About this task:
Return all of the entries exactly, but do not include the pictures.

*** Information

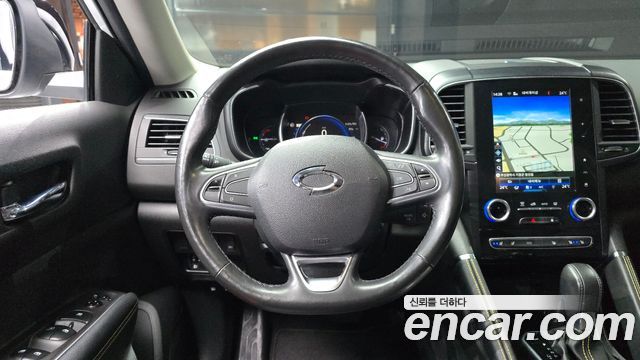 Renault Korea QM6 2.0 GDe Bold Edition 2020 — фото 13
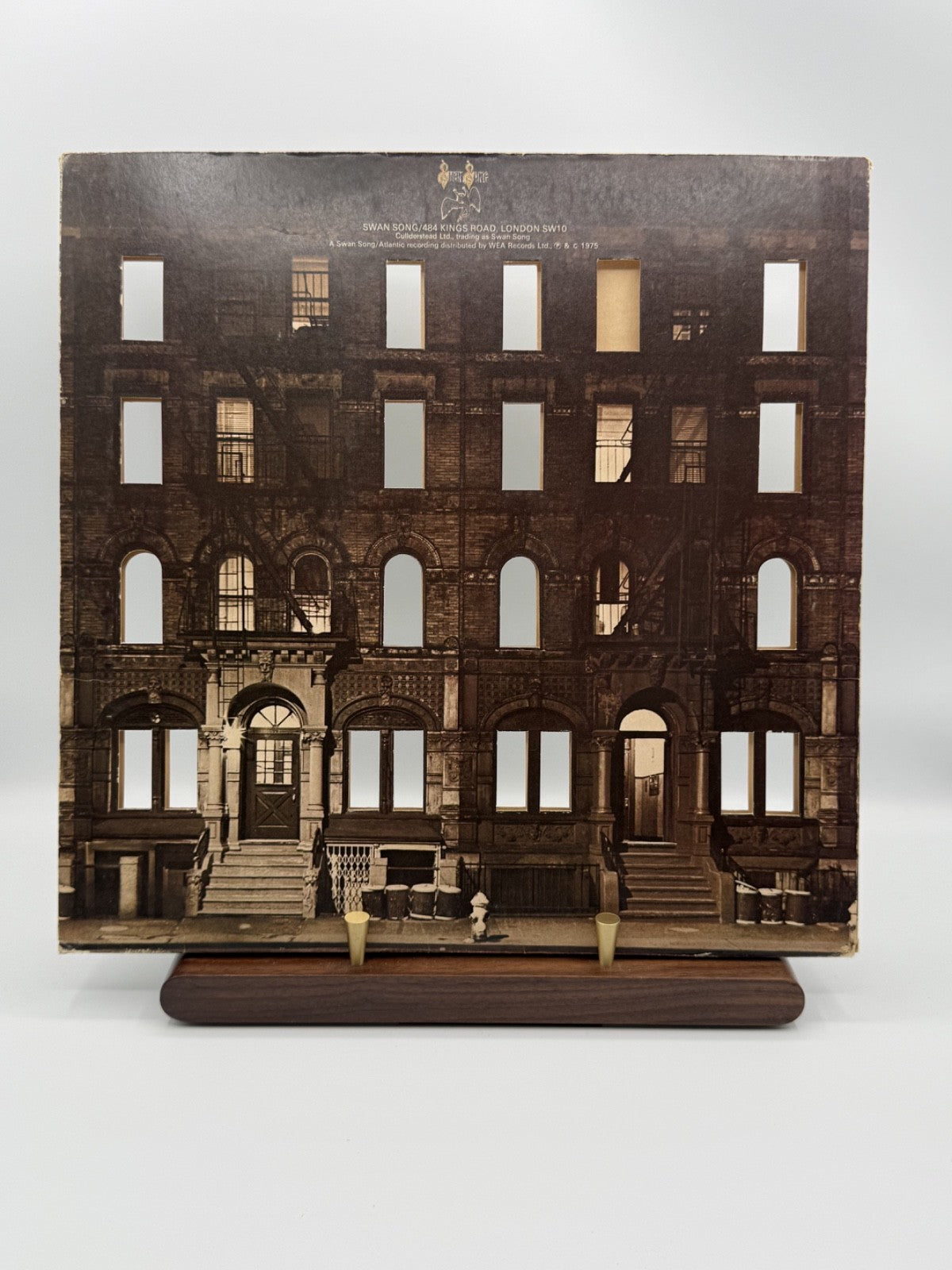 Led Zeppelin Physical Graffiti 2LP Vinyl SSK 89400 UK 1976 - VG++/EX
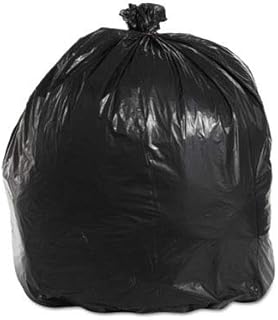 Boardwalk 521 Super Extra-Heavy Repro Can Liner, 40x46, 1.6 Mil, 45gal, Blk, 10 BG/RL, 10RL/CT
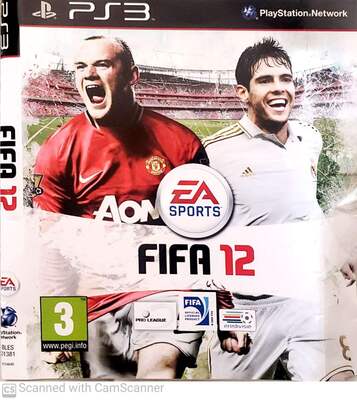 PS3 FIFA12
CENA: 499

******

Solution for this exercise:
 Renault Korea QM6 2.0 GDe Bold Edition 2020 — фото 13
 Led Zeppelin Physical Graffiti 2LP Vinyl SSK 89400 UK 1976 - VG++/EX
 Boardwalk 521 Super Extra-Heavy Repro Can Liner, 40x46, 1.6 Mil, 45gal, Blk, 10 BG/RL, 10RL/CT
 PS3 FIFA12
CENA: 499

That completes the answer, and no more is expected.